### Information shown
--------

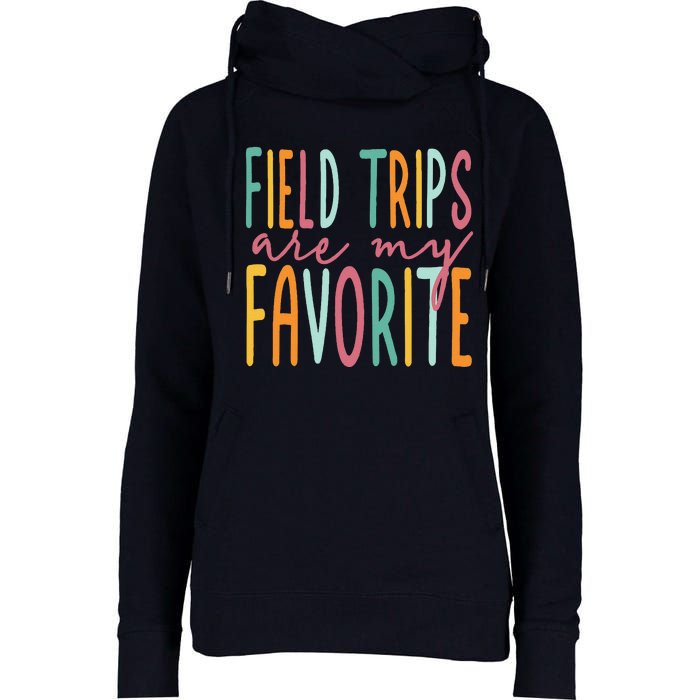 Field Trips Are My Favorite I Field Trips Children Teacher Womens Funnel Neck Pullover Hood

--------

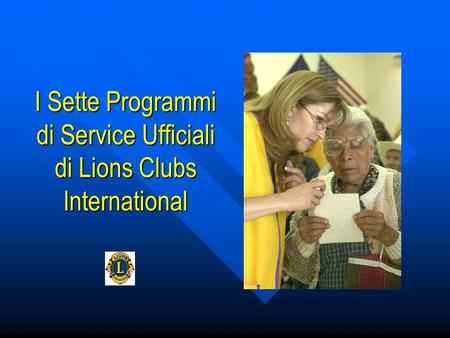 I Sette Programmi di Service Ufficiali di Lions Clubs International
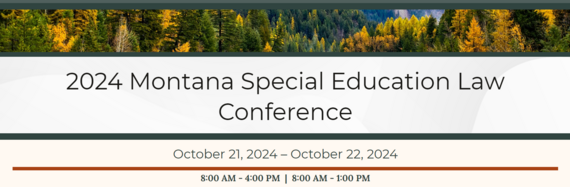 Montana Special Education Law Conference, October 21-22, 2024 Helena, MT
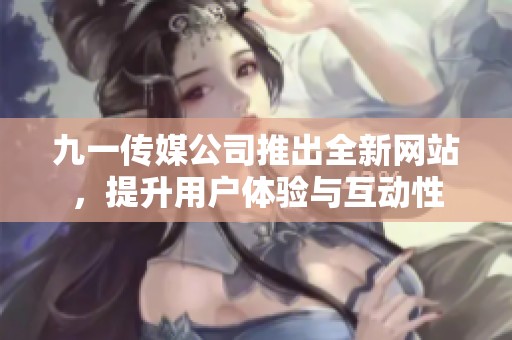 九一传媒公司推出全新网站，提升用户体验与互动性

--------

### What you are asked to do
Find the line with "Montana Special Education" and the line with "九一传媒公司推出全新网站，提升用户体验与互动性" in the records above. Copy both and all lines between them exactly, without pictures.

### Solution
 Montana Special Education Law Conference, October 21-22, 2024 Helena, MT
 九一传媒公司推出全新网站，提升用户体验与互动性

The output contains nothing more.